En Brasil tenemos una historia de abuso y arbitrariedad: de la censura más vil, como la practicada durante la "dictadura militar*", hasta los ataques deshonestos y virulentos llevados a cabo por sectores de la prensa, contra las instituciones, ciudadanos e incluso bancos.

¿Quién no se acuerda de la escuela que se cerró en São Paulo, por presunto abuso sexual contra los niños? O de un político conocido y respetado que tuvo su reputación manchada y tomó años y muchos y lerdos pleitos para restablecer la verdad? ¿Y cierto banco grande, etiquetado como "roto" por una revista de gran circulación, para a continuación, pasar realmente grandes dificultades provocadas por la noticia maliciosa y terminar (mal) vendido?

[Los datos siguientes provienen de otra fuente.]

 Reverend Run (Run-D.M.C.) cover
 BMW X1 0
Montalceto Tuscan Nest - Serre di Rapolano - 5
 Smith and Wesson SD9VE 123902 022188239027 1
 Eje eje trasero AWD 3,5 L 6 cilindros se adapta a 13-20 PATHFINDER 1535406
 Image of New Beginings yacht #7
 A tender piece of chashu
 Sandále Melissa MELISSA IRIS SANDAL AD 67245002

Menciono sólo estos tres casos, por muy conocidos e infames. Hay tantos y tan sistemáticos, sin embargo, que un periodista conocido acuñó un neologismo jocoso: El PIG: El Partido de la (IM) Prensa (en portugues...) Golpista.

Intentar, a partir de este histórico, cualquier forma de censura o restricción podría causar una amenaza insoportable para la joven democracia brasileña.

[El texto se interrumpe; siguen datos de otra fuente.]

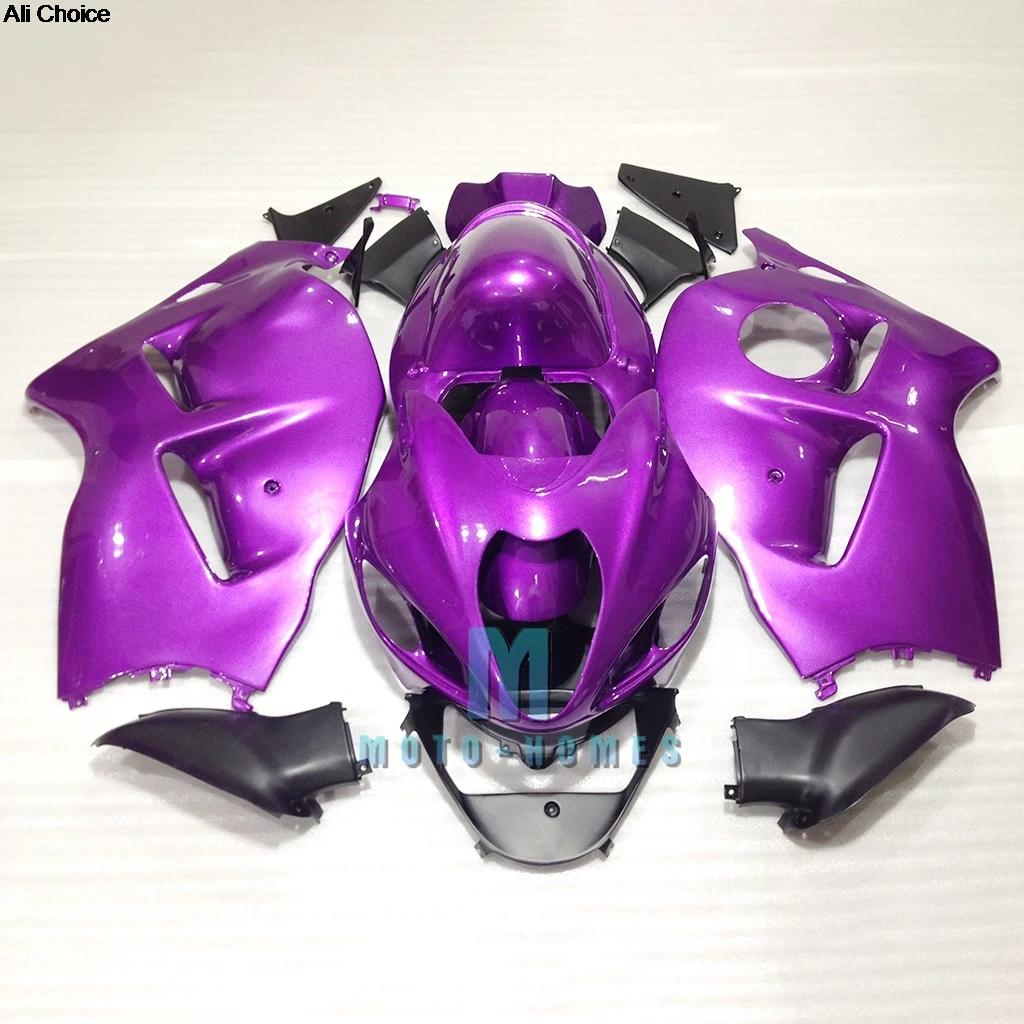 

Для SUZUKI GSXR1300 1996 1997-2007 GSX1300R 96 97 98 99 00 01-07 комплект обтекателя мотоцикла кузов велосипеда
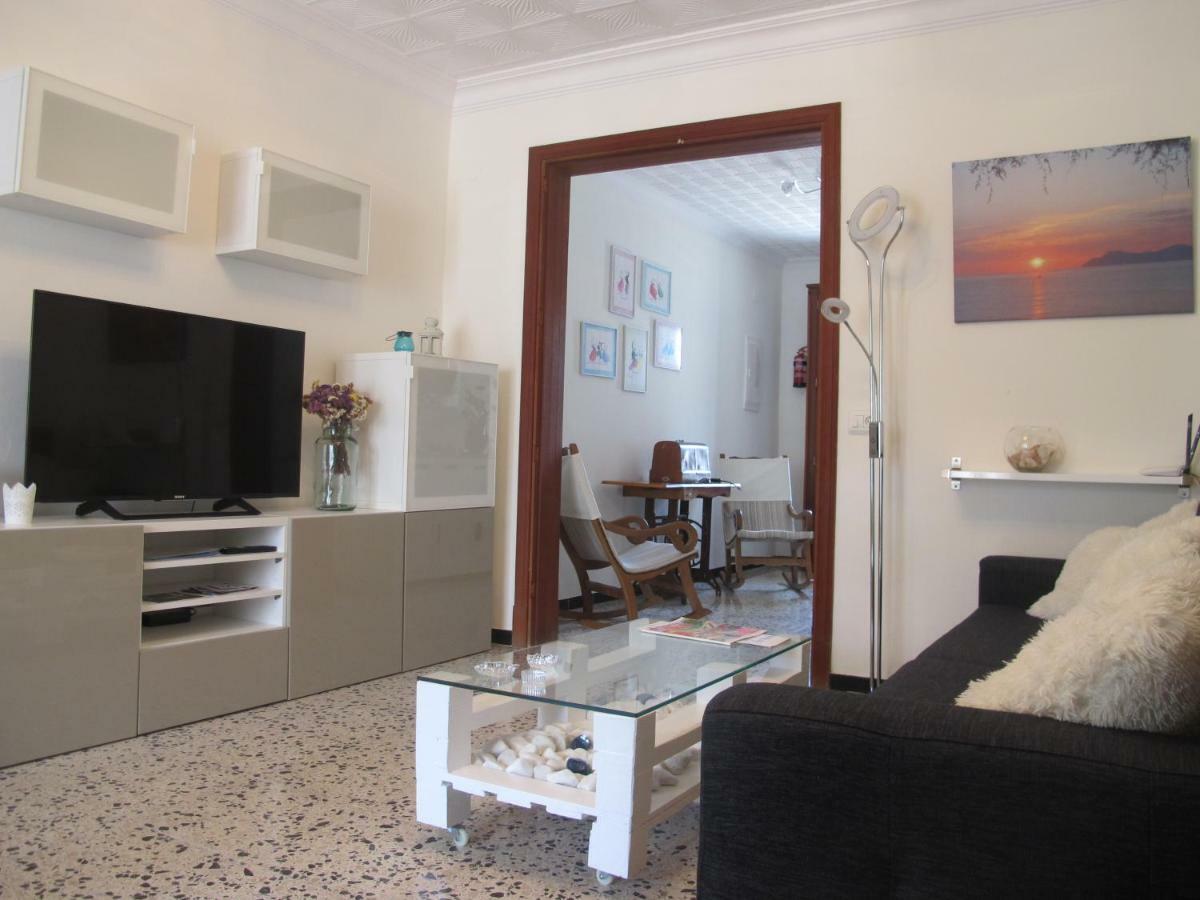 Pou De S'Alou Villa Sineu  Ngoại thất bức ảnh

Por lo tanto, la presidenta Dilma Rousseff y la llamada "base de poder" estudian una alternativa creativa e innovadora, capaz a la vez de garantizar un funcionamiento libérrimo de la prensa y la protección de los derechos e intereses de los ciudadanos, instituciones y empresas: La Ley de Derecho de Respuesta, diseñada para funcionar como una medida inmediata, con fe en las declaraciones del demandante y la determinación de evitar daños irreparables a las reputaciónes y propiedades.

Más o menos así: el ciudadano, institución o empresa potencialmente perjudicado, solicita el inmediato derecho de respuesta en el mismo vehículo, con idéntica importancia, ubicación, tiempo, dibujo, etc ... Y es inmediatamente asistido por la autoridad judicial, siempre y cuando quepa la solicitacion.

Por lo tanto, de ninguna manera se restringe la libertad de los periodistas y de los vehículos de comunicacion, pero incluso antes de accionar la justicia para el restablecimiento de la verdad, el agraviado puede ahora publicar su versión de los hechos.

Tomandose en cuenta los costos y los daños a los periodistas profesionales y a sus vehículos la ley tiende a actuar como un elemento moderador.

Como puede ver el lector amigo, además de impulsar la hidrovía Caribe-Plata**, con los países vecinos; De acelerar y mejorar la adquisición de pequeñas propiedades, y con Ernst Götsch permitir la recuperación de la región semiárida de Brasil ("Brasil: cambios estructurales en el camino." voltaaomundopresidenta.blogspot.com), Dilma Rousseff y su base aliada, sentam las bases para seguir avanzando en la democratización profunda de Brasil.

* "El golpe de Estado militar" de 1964, fue tejido, financiado y controlado desde el exterior. Hubo simpatizantes locales, por supuesto. Incluso importantes sectores de las fuerzas armadas. Después del golpe, quienes permanecieron en estas instituciones públicas no han tenido más remedio que unirse a los golpistas. Consulte "1964, La conquista del Estado" por el Prof. Dr. René Armand Dreifuss, publicado en 1981 por Editora Voces. Al parecer, incluido en algun "Index Librorum Prohibitorum", pues muy difícil de encontrar.

** En tiempo, el proyecto de la vía fluvial Caribe-Plata es una de las maravillas que ofrece "América del Sur, Integración y Desarrollo", libro organizado por Darc Costa.